Activity:
Your copy of the entries below should hold exactly the lines from the one containing "Hi guys, it's" to the one containing "Hi! In front", inclusive, and no pictures.

Supplied data:

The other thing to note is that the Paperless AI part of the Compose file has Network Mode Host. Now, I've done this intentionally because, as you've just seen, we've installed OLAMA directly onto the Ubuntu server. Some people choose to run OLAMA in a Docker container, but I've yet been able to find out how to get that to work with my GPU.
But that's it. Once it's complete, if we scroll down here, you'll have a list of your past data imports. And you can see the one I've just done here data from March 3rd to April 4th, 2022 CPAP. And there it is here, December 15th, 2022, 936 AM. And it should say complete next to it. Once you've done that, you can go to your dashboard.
* * *
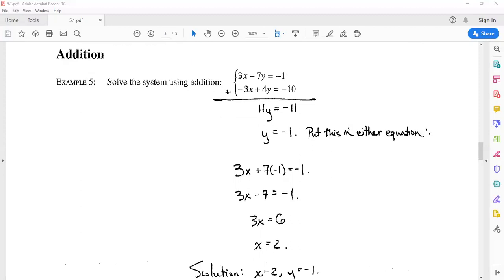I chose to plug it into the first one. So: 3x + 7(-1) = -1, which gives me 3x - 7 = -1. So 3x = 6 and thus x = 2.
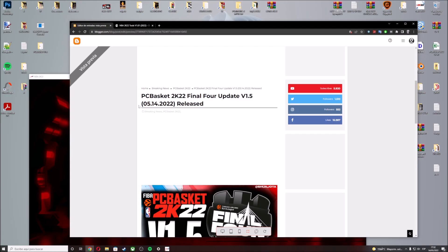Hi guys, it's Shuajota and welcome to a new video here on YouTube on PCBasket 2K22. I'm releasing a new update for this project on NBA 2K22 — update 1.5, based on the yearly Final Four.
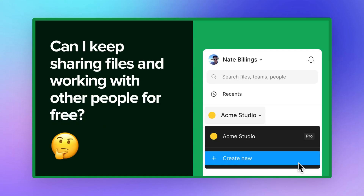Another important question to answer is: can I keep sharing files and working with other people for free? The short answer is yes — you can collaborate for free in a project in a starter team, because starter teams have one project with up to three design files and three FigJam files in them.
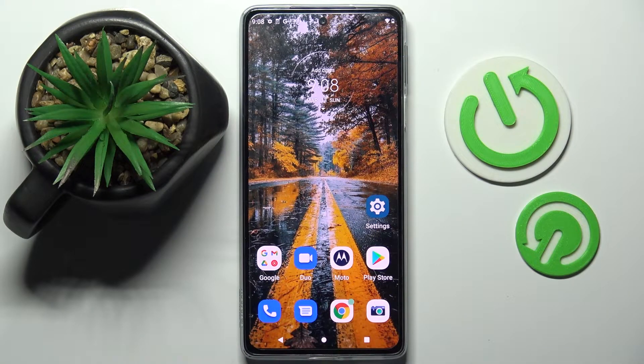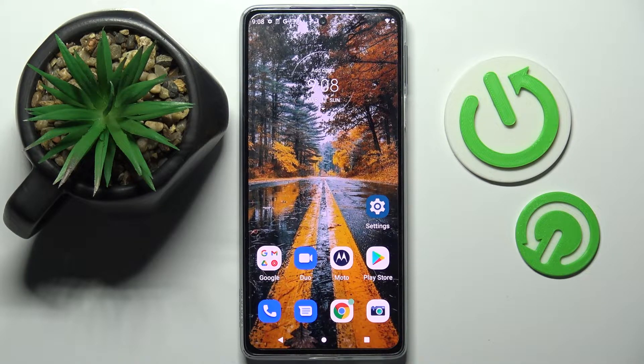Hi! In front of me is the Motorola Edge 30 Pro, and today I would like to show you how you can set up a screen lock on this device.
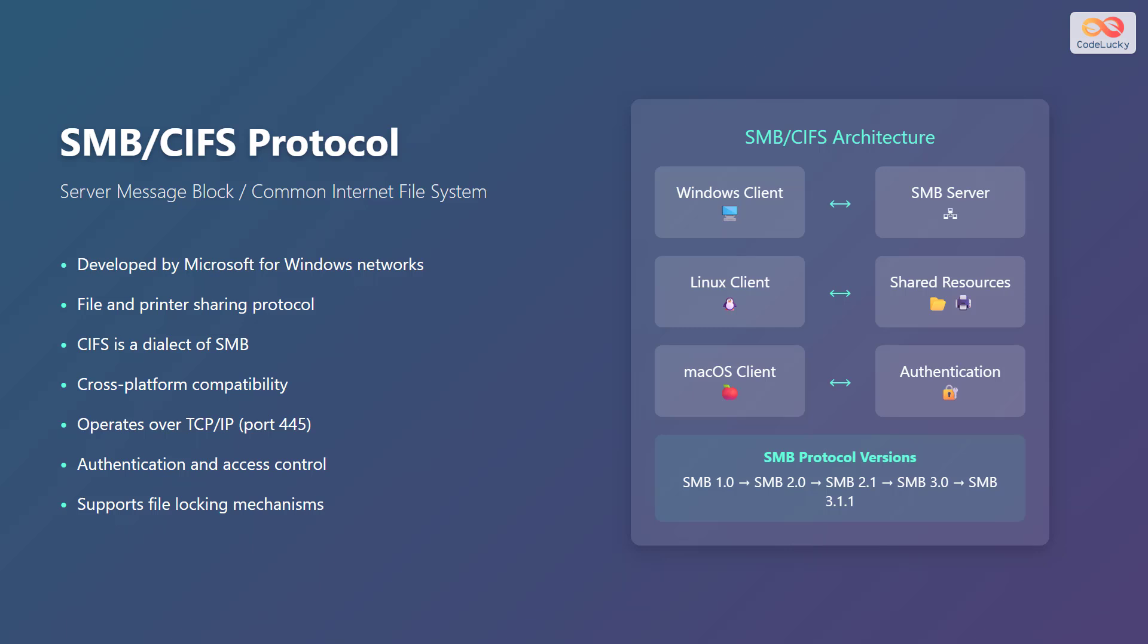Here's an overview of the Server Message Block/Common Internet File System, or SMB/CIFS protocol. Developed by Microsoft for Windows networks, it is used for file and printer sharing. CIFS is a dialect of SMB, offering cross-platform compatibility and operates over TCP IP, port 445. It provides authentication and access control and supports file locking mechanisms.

Solution below:
Hi guys, it's Shuajota and welcome to a new video here on YouTube on PCBasket 2K22. I'm releasing a new update for this project on NBA 2K22 — update 1.5, based on the yearly Final Four.
Another important question to answer is: can I keep sharing files and working with other people for free? The short answer is yes — you can collaborate for free in a project in a starter team, because starter teams have one project with up to three design files and three FigJam files in them.
Hi! In front of me is the Motorola Edge 30 Pro, and today I would like to show you how you can set up a screen lock on this device.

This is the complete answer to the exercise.